BEGIN Data excerpt

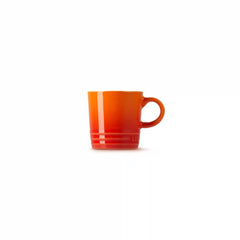 London Espresso Mug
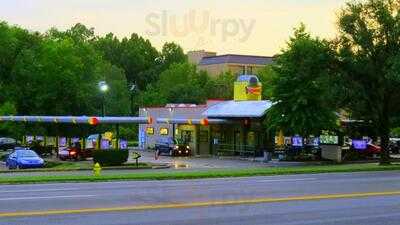 Sonic Drive-In, Oak Ridge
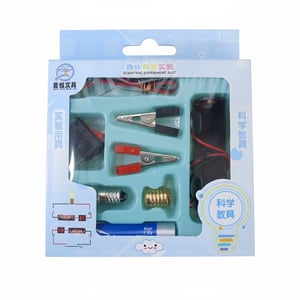 Science Experiment Suite - Paste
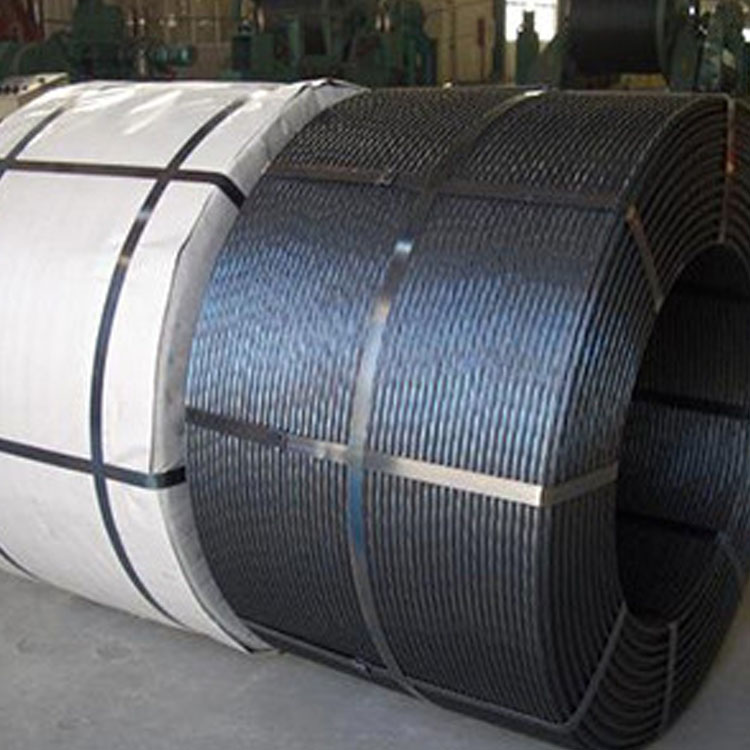 21.8钢绞线 批发现货钢绞线 钢绞线型号齐全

END Data excerpt

Begin at the line that contains "Science Experiment Suite - Paste" and transcribe every line through the end of the listing, exactly as written. Omit the pictures.

▶ **Answer section**:
 Science Experiment Suite - Paste
 21.8钢绞线 批发现货钢绞线 钢绞线型号齐全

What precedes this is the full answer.